> _ACTIVITY_:
Please repeat, exactly and without pictures, the lines of the entries below that run from the one containing "Let's get started." through the one containing "Next you're going".

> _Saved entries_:
....

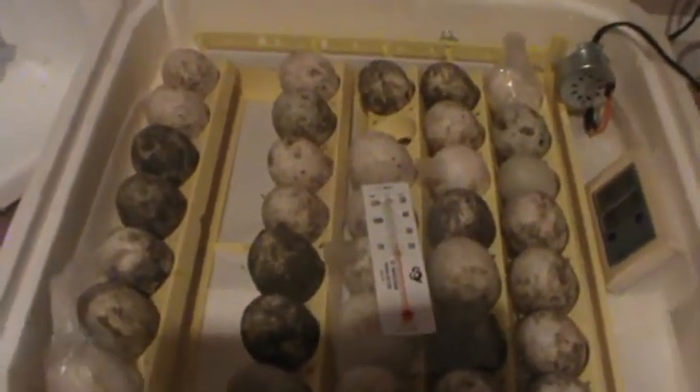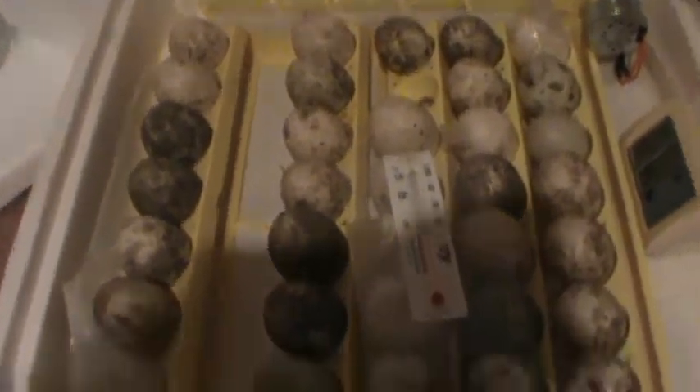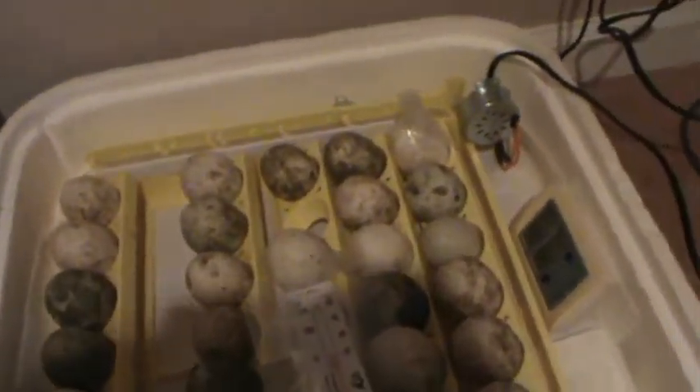Check back every day, because I'm going to be updating this video probably for the next 28 days because of the duck eggs. Thank you for watching, check back tomorrow, and subscribe. Goodbye.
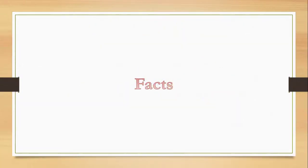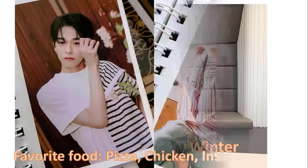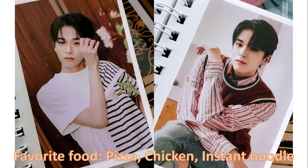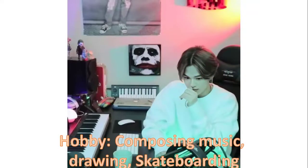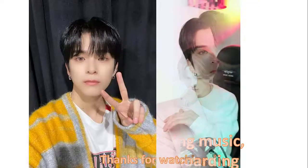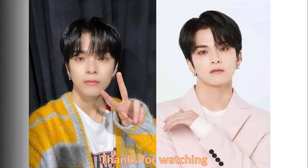Let's get started. Thank you so much for joining us.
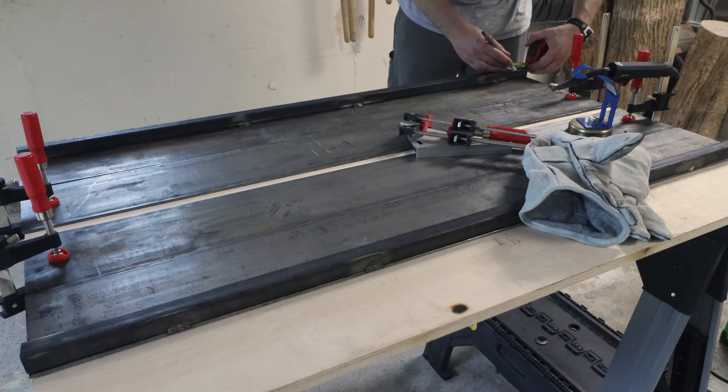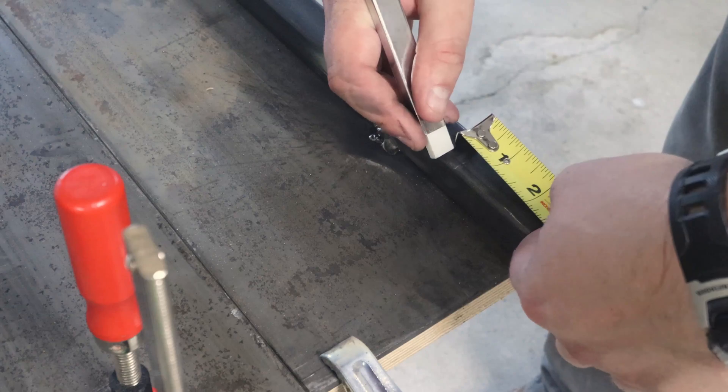The tube steel at either end is spaced such that the legs are in line with the studs I previously found — more on this later.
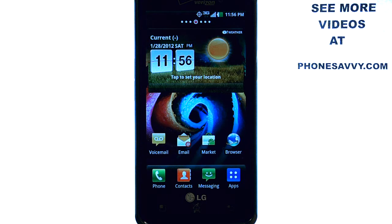Welcome to PhoneSavvy.com smartphone training videos. To see more videos on the LG Spectrum, visit PhoneSavvy.com.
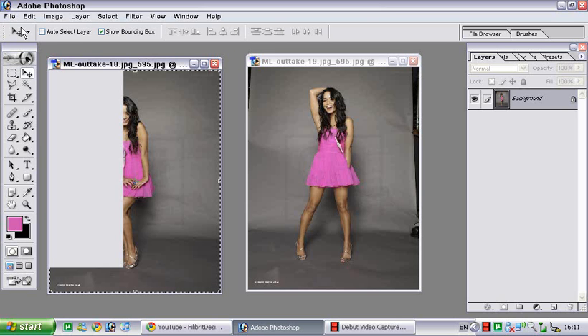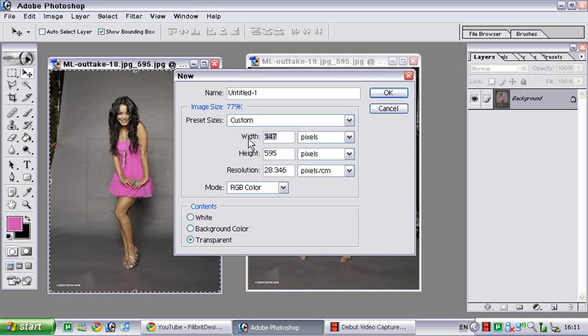Next you're going to File New. This is the size of the image that you just copied. What I'm going to do is change the width — I'm going to multiply it by how many images I want to blend. Because I've got two images, I'll do 447 times 2, which is 894.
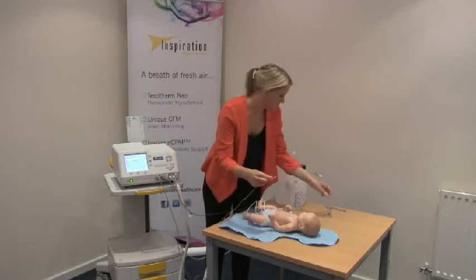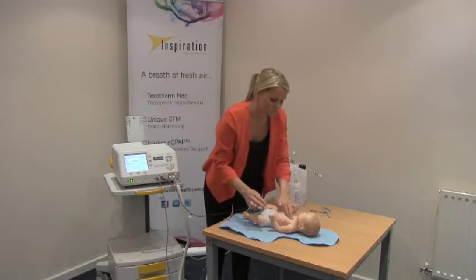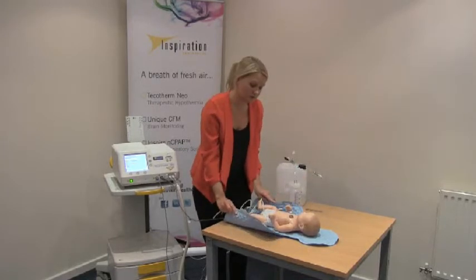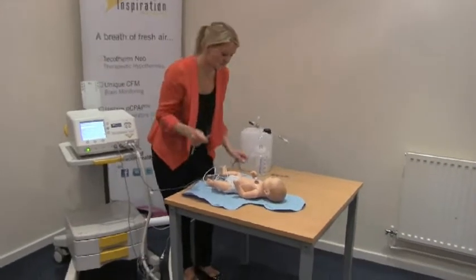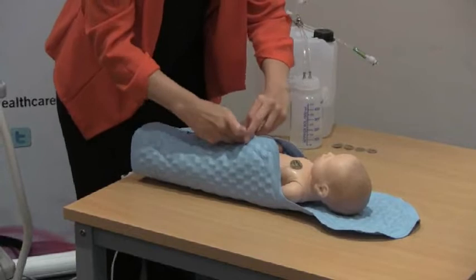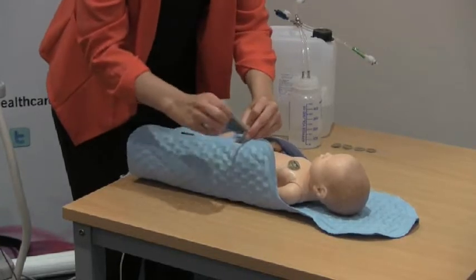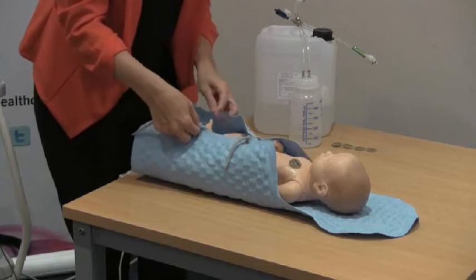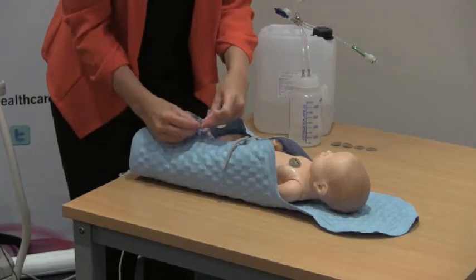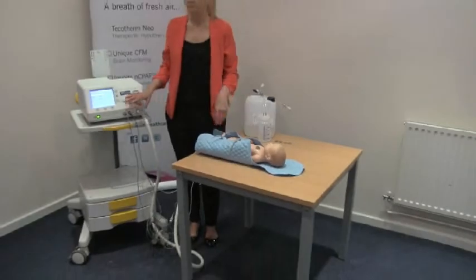The skin probe can be secured with a little temperature sensor cushion. What we need to do is wrap the baby in the mattress just using our felt ties. Wrapping the baby increases the surface area that you're cooling and just allows you to cool down quicker. And now your baby is ready for cooling.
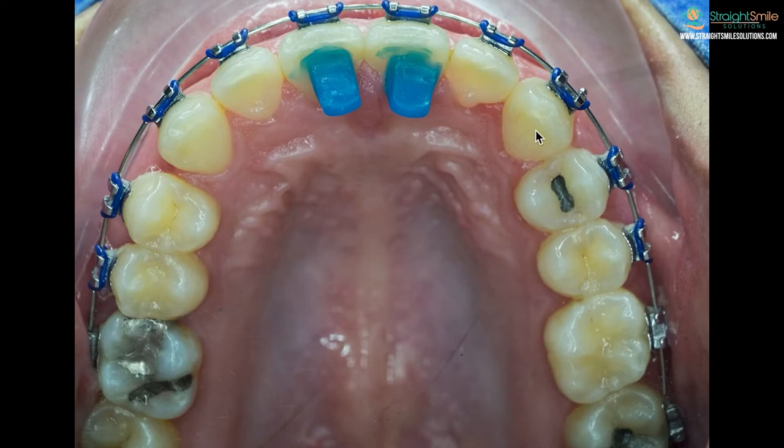Your doctor may be of the opinion that you shouldn't have these, and instead they'll just put the top braces on first and put the bottom ones on when it's time. There's really no wrong or right opinion — people have very strong opinions on this topic — so you can always ask your doctor what they think is best.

....

> _TASK OUTPUT_:
Let's get started. Thank you so much for joining us.
The tube steel at either end is spaced such that the legs are in line with the studs I previously found — more on this later.
Welcome to PhoneSavvy.com smartphone training videos. To see more videos on the LG Spectrum, visit PhoneSavvy.com.
Next you're going to File New. This is the size of the image that you just copied. What I'm going to do is change the width — I'm going to multiply it by how many images I want to blend. Because I've got two images, I'll do 447 times 2, which is 894.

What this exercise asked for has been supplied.